Contratos militares dos EUA: US$ 24 milhões em contratos com Exército, Marinha e Força Aérea (SBIR Phase 3). A empresa é um fornecedor militar aprovado. Testes com o Corpo de Fuzileiros Navais dos EUA para "methods of entry" — colocar explosivos em portas sem risco humano.

Investidor de destaque: Eric Trump — nomeado conselheiro estratégico da Foundation em 2026. A conexão política levantou questões sobre transparência e concentração de poder em empresas de armas autônomas.

Aplicações e Capacidades

Combate direto: Capaz de wielding qualquer arma que um humano possa usar — revolver, pistola, shotgun, fuzil M16. A empresa demonstra o robô regularmente com armamento pesado, propositadamente intimidador.

As aplicações planejadas incluem:

"Nós achamos que existe um imperativo moral para colocar esses robôs na guerra em vez de soldados."
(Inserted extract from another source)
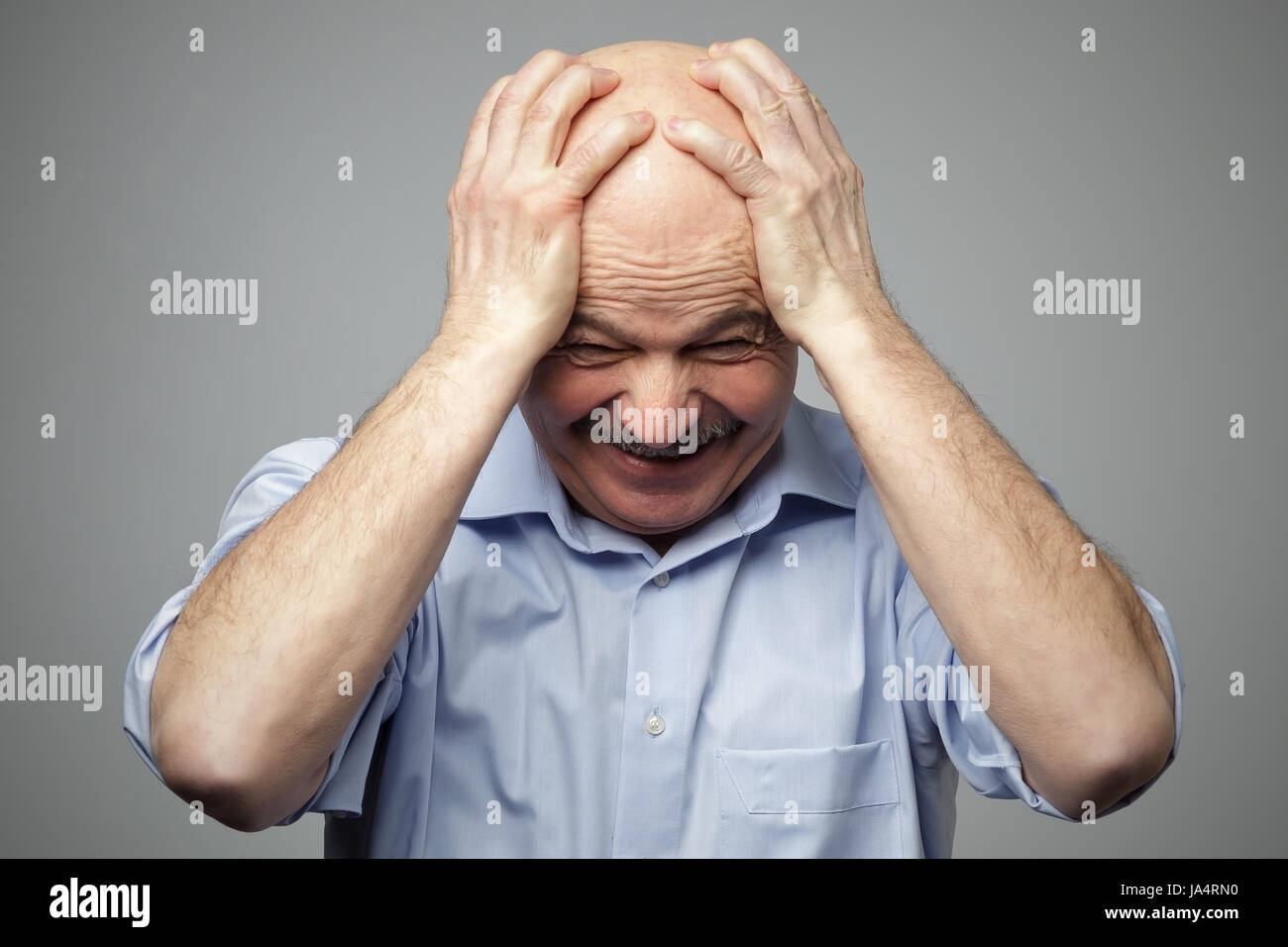 Elderly man in despair grabs his head. Problems with money, at work, in the family Stock Photo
— Mike LeBlanc, co-fundador da Foundation, ex-Marine Corps

Ucrânia: Campo de Provas Real

⚡ Dois Phantom MK1 foram enviados à Ucrânia em fevereiro de 2026 para testes de reconhecimento de frontline

A Ukraine, que lança até 9.000 drones por dia, se tornou o principal campo de provas de armas autônomas do mundo.

"É uma guerra de robôs completa, onde o robô é o combatente primário e os humanos estão em suporte. É o oposto exato do Afeganistão: os humanos eram tudo, e nós tínhamos ferramentas suplementares."

— Mike LeBlanc, veterano Marine Corps, +300 missões de combate

A Foundation está em negociação avançada com o Pentágono para uso em cenários de combate ativo. O Ministry of Defense da Ukraine confirmou o recebimento das unidades para avaliação de efetividade em operações reais.

O Debate Ético: Armas Autônomas Letais

✓ A Favor

Elimina risco de morte de soldados humanos

Robôs não sofrem fadiga, medo ou trauma

Operação contínua 24/7 em condições extremas

Imunes a radiação, químicos e agentes biológicos

Precisão superior e menor dano colateral

Potencial "deterrent" — exércitos de robôs neutralizam vantagem tática

✗ Contra

Reduz barreiras políticas para iniciar conflitos

Difunde responsabilidade por abusos de direitos humanos

Desumaniza ainda mais a warfare

Vieses algorítmicos em reconhecimento facial (risco para civis)

Drones na Ucrânia já disparam autonomamente quando jamming corta controle remoto

Sem transparência entre lados de um conflito

⚠ Posição da ONU

Sistemas de armas autônomas letais são "politicamente inaceitáveis" e "moralmente repugnantes" — António Guterres, Secretário-Geral das Nações Unidas.

Situação legal atual: Protocolos do Pentágono determinam que sistemas automatizados só podem engajar com "sinal verde humano". A Foundation reafirma essa intenção. Porém, em 28 de fevereiro de 2026, o presidente Donald Trump assinou ordem executiva removendo restrições a contractors de IA que impediam vigilância de cidadãos americanos e autonomia de armas letais.

Phantom MK2 — Próxima Geração

Previsto para 2026, o MK2 trará atuadores aprimorados e +30% de payload. Metas de produção: 40–50 unidades em 2025; mais de 10.000 unidades em 2026, condicionadas à execução. A visão de longo prazo inclui deployment em bases antárticas e, eventualmente, Marte.